Hello the awesome Pandas team!
Consider the example below
data = pd.DataFrame({'mydate' : [pd.to_datetime('2016-06-06'),
pd.to_datetime('2016-06-08'),
pd.to_datetime('2016-06-09'),
pd.to_datetime('2016-06-10'),
pd.to_datetime('2016-06-12'),
pd.to_datetime('2016-06-13')],
'myvalue' : [1, 2, 3, 4, 5, 6],
'group' : ['A', 'A', 'A', 'B', 'B', 'B']})
data.set_index('mydate', inplace = True)
Out[58]:
group myvalue
mydate
2016-06-06 A 1
2016-06-08 A 2
2016-06-09 A 3
2016-06-10 B 4
2016-06-12 B 5
2016-06-13 B 6
Now I need to compute the difference between the current value of myvalue
and its lagged value, where by lagged I actually mean lagged by 1 day (if possible).
So this returns a result, but its not what I need
data['delta_one'] = data.groupby('group').myvalue.transform(lambda x: x - x.shift(1))
data
Out[56]:
group myvalue delta_one
mydate
2016-06-06 A 1 nan
2016-06-08 A 2 1.0000
2016-06-09 A 3 1.0000
2016-06-10 B 4 nan
2016-06-12 B 5 1.0000
2016-06-13 B 6 1.0000
This is what I need, but it does not work
data['delta_two'] = data.groupby('group').myvalue.transform(lambda x: x - x.shift(1, pd.Timedelta('1 days')))

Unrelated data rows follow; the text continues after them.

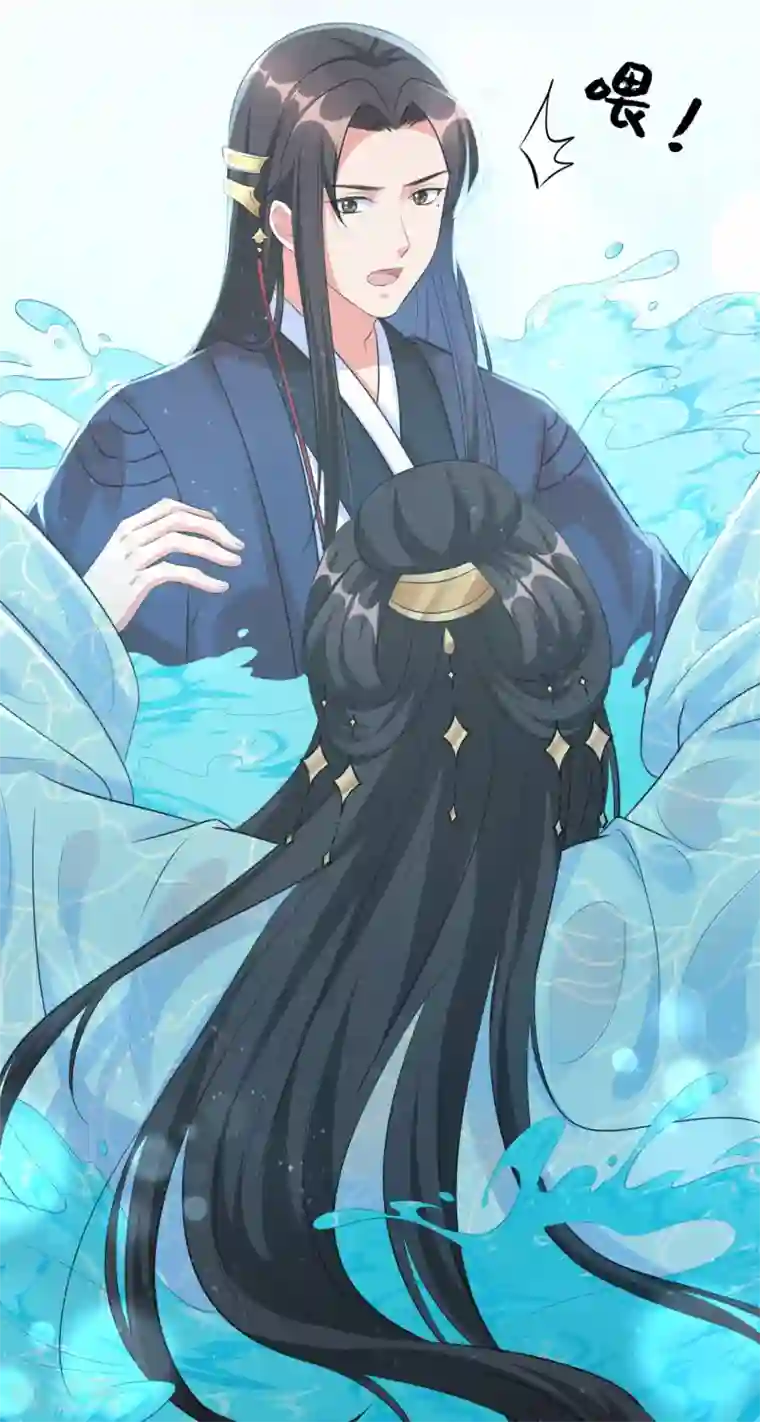 王妃有毒第31话 在我怀里可不能乱动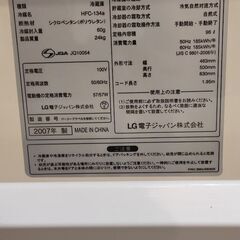 冷蔵庫（作動確認済）の画像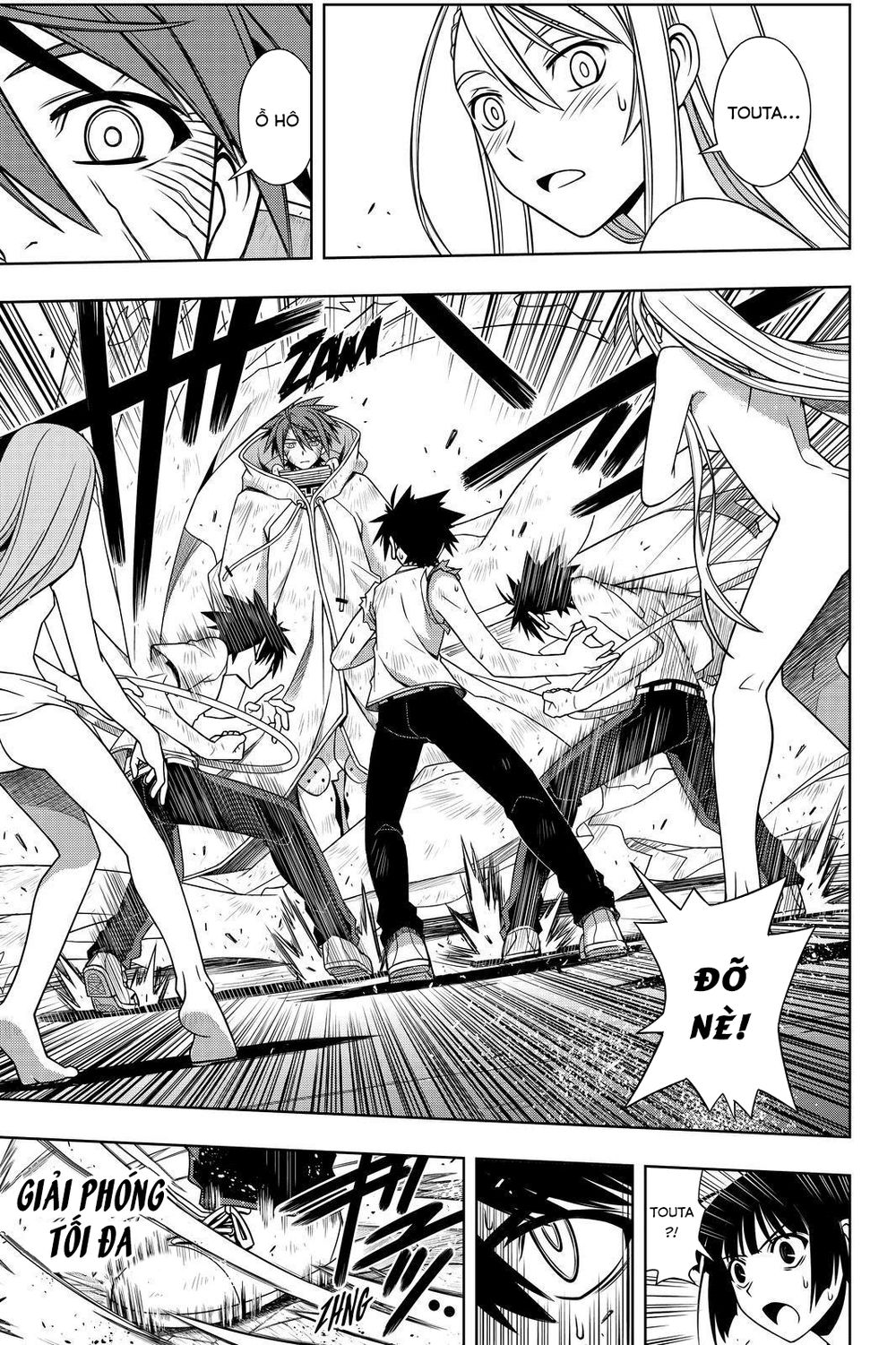 Uq Holder Chap 127 - Next Chap 128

File "C:\Users\john\AppData\Local\Continuum\anaconda3\lib\site-packages\pandas\core\internals.py", line 120, in __init__
len(self.mgr_locs)))
ValueError: Wrong number of items passed 4, placement implies 3
Any ideas? Is this a bug? I think I am using the correct pandonic syntax here.
Thanks!
Comment From: chris-b1
I think apply
works here?
In [14]: data.groupby('group').myvalue.apply(lambda x: x - x.shift(1, pd.Timedelta('1 days')))
Out[14]:
group mydate
A 2016-06-06 NaN
2016-06-07 NaN
2016-06-08 NaN
2016-06-09 1.0
2016-06-10 NaN
B 2016-06-10 NaN
2016-06-11 NaN
2016-06-12 NaN
2016-06-13 1.0
2016-06-14 NaN
Name: myvalue, dtype: float64
Comment From: randomgambit
@chris-b1 thanks yes, I saw that but you cannot directly assign this data to the dataframe
data['delta_two'] = data.groupby('group').myvalue.apply(lambda x: x - x.shift(1, pd.Timedelta('1 days')))
File "C:\Users\john\AppData\Local\Continuum\anaconda3\lib\site-packages\pandas\core\frame.py", line 2734, in reindexer
raise TypeError('incompatible index of inserted column '
TypeError: incompatible index of inserted column with frame index
Comment From: mroeschke
You can do some reshaping and remerge the result of the groupby.apply
to your original data
In [5]: res = data.groupby('group').myvalue.apply(lambda x: x - x.shift(1, pd.Timedelta('1 days')))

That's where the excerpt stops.